*EXERCISE PROMPT:* Print, exactly as written, every line from the first line of the records below through the line containing "プレジール(PLAISIR)/セルフホワイトニング", and nothing further.

*DATA RECORDS:*

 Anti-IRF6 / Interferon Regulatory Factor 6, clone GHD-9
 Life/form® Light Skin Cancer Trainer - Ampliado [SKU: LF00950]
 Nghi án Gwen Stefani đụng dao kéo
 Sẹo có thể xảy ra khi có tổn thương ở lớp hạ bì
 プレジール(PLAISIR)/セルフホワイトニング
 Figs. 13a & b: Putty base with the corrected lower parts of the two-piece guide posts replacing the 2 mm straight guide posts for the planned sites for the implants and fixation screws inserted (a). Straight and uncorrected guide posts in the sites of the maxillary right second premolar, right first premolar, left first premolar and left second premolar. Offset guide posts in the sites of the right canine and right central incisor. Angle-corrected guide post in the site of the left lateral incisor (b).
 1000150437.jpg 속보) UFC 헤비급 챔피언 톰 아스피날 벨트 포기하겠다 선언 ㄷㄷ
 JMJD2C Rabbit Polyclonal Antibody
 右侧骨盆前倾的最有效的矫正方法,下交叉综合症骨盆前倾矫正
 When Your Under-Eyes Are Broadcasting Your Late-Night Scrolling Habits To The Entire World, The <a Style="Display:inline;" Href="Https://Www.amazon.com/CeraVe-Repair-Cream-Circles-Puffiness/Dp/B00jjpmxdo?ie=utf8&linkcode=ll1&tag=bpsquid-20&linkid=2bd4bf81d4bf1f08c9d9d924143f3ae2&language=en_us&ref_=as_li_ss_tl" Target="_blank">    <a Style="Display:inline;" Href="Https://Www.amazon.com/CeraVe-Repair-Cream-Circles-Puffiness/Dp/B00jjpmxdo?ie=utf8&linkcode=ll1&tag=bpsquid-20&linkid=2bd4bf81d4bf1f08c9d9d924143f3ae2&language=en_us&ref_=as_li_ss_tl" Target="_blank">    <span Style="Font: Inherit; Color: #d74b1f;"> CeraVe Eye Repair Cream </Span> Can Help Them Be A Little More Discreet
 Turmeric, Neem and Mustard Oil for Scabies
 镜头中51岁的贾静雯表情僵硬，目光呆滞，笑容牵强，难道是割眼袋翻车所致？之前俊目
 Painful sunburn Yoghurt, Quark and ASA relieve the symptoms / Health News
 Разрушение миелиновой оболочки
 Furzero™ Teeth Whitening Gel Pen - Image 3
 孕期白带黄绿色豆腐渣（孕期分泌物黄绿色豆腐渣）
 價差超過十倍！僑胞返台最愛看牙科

*EXERCISE SOLUTION:*
 Anti-IRF6 / Interferon Regulatory Factor 6, clone GHD-9
 Life/form® Light Skin Cancer Trainer - Ampliado [SKU: LF00950]
 Nghi án Gwen Stefani đụng dao kéo
 Sẹo có thể xảy ra khi có tổn thương ở lớp hạ bì
 プレジール(PLAISIR)/セルフホワイトニング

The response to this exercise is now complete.